● Task
Return the data below exactly, but only from the line containing "The Cheesecake Factory" through the line containing "Garment making. Adjustable", with both of those lines included.

┌─ Supplied records

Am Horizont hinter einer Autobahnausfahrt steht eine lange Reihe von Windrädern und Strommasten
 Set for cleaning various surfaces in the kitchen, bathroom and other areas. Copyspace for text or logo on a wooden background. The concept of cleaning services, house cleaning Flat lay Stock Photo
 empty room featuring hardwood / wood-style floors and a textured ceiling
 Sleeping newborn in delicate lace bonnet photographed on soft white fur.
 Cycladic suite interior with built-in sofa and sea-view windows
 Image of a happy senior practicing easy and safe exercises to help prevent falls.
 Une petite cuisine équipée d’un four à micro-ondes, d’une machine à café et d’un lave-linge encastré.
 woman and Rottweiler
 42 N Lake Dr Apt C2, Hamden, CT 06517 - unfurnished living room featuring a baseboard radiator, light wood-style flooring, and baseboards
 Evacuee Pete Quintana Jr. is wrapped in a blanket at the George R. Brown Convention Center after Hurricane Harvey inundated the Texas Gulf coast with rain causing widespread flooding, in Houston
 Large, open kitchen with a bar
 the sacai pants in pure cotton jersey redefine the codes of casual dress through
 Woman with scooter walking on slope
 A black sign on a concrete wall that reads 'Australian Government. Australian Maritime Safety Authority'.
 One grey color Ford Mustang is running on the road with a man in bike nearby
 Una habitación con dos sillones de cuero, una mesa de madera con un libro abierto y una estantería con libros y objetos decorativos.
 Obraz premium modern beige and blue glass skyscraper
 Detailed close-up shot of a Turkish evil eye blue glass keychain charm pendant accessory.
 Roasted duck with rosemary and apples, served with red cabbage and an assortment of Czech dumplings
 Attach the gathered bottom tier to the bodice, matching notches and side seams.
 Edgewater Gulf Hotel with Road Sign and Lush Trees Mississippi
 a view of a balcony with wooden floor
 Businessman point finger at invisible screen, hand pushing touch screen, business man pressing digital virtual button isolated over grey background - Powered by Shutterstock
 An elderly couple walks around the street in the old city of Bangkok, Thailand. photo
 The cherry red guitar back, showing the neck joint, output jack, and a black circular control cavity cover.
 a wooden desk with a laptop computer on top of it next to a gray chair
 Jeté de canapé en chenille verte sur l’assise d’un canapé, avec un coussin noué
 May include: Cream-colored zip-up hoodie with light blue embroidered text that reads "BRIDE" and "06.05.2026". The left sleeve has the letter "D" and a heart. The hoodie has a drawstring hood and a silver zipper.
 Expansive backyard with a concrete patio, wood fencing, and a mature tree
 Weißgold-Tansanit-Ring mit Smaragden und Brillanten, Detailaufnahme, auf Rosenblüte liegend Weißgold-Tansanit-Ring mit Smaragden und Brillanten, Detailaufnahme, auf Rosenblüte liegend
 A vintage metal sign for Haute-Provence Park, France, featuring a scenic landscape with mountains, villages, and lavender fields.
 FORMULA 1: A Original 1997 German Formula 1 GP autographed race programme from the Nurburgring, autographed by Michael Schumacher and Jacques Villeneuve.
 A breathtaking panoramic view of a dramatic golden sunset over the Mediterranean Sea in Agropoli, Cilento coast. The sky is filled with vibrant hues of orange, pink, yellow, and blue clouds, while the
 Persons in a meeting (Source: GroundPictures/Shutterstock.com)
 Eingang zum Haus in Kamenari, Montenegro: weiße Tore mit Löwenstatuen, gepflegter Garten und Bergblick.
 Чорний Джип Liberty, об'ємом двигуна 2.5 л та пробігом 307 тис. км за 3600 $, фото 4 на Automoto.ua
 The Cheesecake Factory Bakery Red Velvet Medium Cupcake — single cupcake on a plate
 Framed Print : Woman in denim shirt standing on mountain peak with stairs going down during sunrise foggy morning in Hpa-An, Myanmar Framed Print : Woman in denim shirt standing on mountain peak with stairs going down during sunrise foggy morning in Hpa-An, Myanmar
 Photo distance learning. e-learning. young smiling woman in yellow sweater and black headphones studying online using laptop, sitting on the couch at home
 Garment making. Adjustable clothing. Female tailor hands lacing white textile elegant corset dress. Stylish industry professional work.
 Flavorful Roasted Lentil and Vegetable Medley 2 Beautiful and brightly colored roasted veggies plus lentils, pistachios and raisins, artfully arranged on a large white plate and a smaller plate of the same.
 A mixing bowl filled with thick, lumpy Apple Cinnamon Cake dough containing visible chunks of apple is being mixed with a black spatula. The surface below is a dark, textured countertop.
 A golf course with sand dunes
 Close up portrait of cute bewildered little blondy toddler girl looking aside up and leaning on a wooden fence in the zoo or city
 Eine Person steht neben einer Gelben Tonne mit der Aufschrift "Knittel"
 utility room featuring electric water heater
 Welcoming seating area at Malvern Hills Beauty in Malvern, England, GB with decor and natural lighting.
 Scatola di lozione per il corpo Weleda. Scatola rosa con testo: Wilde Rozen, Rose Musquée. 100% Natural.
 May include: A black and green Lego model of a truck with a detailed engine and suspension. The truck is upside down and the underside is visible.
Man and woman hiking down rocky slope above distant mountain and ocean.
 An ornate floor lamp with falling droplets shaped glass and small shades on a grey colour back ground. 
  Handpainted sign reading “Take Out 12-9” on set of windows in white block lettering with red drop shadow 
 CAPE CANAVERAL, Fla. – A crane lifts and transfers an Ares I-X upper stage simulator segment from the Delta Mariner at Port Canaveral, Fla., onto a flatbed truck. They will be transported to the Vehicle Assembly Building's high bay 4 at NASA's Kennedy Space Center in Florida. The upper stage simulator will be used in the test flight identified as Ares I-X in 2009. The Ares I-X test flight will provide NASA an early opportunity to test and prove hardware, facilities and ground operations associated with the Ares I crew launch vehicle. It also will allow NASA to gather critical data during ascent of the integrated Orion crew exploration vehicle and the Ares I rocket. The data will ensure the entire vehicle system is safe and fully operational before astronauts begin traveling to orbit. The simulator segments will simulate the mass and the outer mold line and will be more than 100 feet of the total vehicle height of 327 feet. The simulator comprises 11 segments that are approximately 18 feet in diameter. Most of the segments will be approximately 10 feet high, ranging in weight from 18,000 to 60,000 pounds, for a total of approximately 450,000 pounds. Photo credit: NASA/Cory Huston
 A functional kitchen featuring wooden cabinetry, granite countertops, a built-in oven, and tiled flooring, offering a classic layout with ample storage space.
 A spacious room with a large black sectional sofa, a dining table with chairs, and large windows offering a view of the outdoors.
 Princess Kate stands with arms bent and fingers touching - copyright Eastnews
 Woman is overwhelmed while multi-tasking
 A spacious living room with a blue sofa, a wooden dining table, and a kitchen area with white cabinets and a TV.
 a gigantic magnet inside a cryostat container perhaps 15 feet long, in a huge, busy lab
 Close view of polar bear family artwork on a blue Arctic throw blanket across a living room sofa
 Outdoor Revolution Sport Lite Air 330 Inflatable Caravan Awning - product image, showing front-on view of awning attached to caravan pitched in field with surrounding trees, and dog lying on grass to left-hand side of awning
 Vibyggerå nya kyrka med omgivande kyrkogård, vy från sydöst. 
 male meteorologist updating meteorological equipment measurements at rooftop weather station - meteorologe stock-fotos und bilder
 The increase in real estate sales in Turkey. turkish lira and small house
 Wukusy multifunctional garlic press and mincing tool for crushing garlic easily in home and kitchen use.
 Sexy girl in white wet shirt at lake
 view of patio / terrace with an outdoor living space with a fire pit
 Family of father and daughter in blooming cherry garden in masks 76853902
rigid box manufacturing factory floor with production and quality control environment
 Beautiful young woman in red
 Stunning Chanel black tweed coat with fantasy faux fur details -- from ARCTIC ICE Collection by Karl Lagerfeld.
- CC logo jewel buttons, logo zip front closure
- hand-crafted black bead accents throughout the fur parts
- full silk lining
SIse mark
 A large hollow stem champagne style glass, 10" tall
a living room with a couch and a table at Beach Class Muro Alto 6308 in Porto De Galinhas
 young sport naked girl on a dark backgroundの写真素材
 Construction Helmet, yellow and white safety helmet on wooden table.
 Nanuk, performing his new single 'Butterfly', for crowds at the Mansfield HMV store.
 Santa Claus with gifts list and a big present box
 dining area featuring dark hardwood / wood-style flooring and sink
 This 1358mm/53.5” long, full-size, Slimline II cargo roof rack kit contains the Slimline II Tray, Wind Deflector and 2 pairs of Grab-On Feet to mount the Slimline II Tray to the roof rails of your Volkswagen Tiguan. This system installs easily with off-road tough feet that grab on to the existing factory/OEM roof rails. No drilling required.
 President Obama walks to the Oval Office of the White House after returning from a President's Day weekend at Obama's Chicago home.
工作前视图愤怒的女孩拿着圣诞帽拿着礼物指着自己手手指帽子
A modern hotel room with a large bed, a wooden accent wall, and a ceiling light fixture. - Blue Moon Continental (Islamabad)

└─

● The answer
 The Cheesecake Factory Bakery Red Velvet Medium Cupcake — single cupcake on a plate
 Framed Print : Woman in denim shirt standing on mountain peak with stairs going down during sunrise foggy morning in Hpa-An, Myanmar Framed Print : Woman in denim shirt standing on mountain peak with stairs going down during sunrise foggy morning in Hpa-An, Myanmar
 Photo distance learning. e-learning. young smiling woman in yellow sweater and black headphones studying online using laptop, sitting on the couch at home
 Garment making. Adjustable clothing. Female tailor hands lacing white textile elegant corset dress. Stylish industry professional work.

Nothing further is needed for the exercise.